Example 11: Use of Alternative Techniques to Sonication: Ball-Milling

(77) The use of sonication to accelerate the process for exfoliation by a Diels-Alder reaction can be replaced by any other technique which makes it possible to promote heterogeneous reactions. Thus, it is possible to use alternative methods to sonication, such as ball-milling or high-shear mixing (Nature Materials, 2014, 13, 624-630 [ref. 18]).

(78) On consulting recent studies on high-shear mixing making possible the exfoliation of graphite (Nature Materials, 2014, 13, 624-630), it was demonstrated by us that this method makes it possible to considerably reduce the use of sonication. A first experiment was carried out with an initial concentration of graphite of 2 mg/ml, i.e. 100 mg of graphite, 200 mg of anthrone and 30 mg of DIPEA in 50 ml of THF. The high-shear mixing time is 25 minutes, using a rotor/stator system with a diameter of 22 mm, at a speed of 4500 rpm. Subsequently, the mixture is subjected to sonication for 2 h (180 W, 37 kHz) and then purified by centrifuging (30 minutes at 3000 rpm). The graphene concentration, determined by the Beer-Lambert law using a calibration curve (ε=26.2), is 0.0234 mg/ml (in comparison, C=0.02 mg/ml for sonication for 4 h without high-shear mixing).
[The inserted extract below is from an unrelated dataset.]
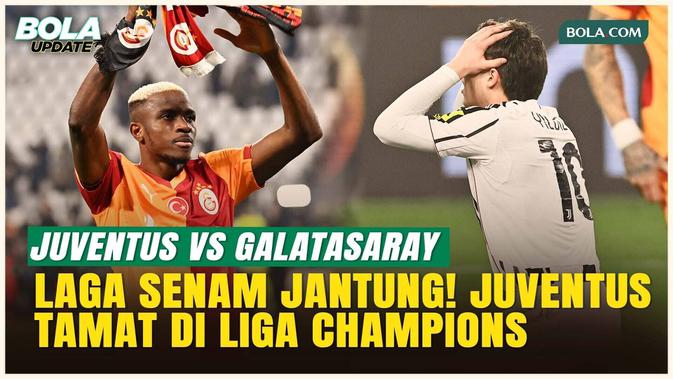 Juventus Tersingkir Dramatis, Galatasaray Amankan Tempat di 16 Besar Liga Champions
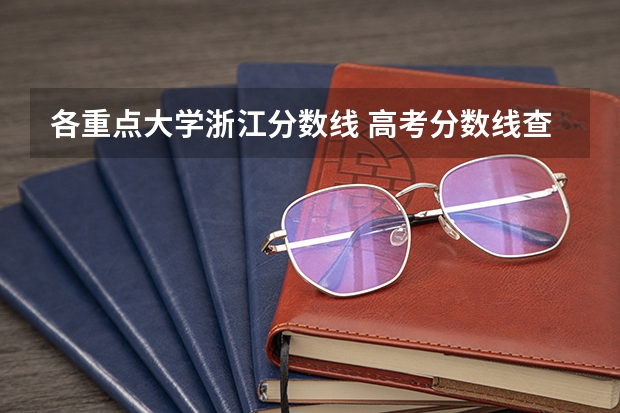 各重点大学浙江分数线 高考分数线查询，辽宁高考考生进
In another experiment on a larger scale, an initial graphite concentration of 30 mg/ml, i.e. 1.0 g of graphite, 1.5 g of anthrone and 180 mg of DIPEA in 50 ml of THF, was used. Under the same reaction conditions as above, the graphene concentration obtained is 0.0765 mg/ml.
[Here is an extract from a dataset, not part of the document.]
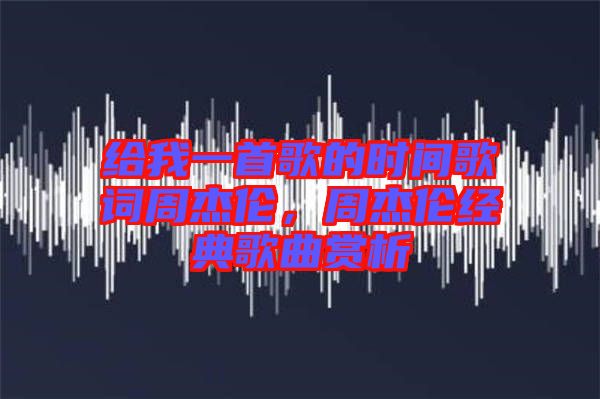 給我一首歌的時間歌詞周杰倫,周杰倫經典歌曲賞析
Example 12: Stabilization of Carbon Black Suspensions

(79) The process consists in subjecting graphitic carbon black (100 mg) to ultrasound in an ultrasonic bath (4 h, 180 W, 60° C.) in the presence of anthrone (200 mg) and N,N-diisopropylethylamine (30 mg, 20 mol %) in an organic solvent (50 ml). Stable suspensions in different organic solvents are obtained (FIG. 10).

(80) On reading the present patent application and the illustrative examples above, a person skilled in the art will observe that the present process is general and that it is applicable with all the graphites known to a person skilled in the art.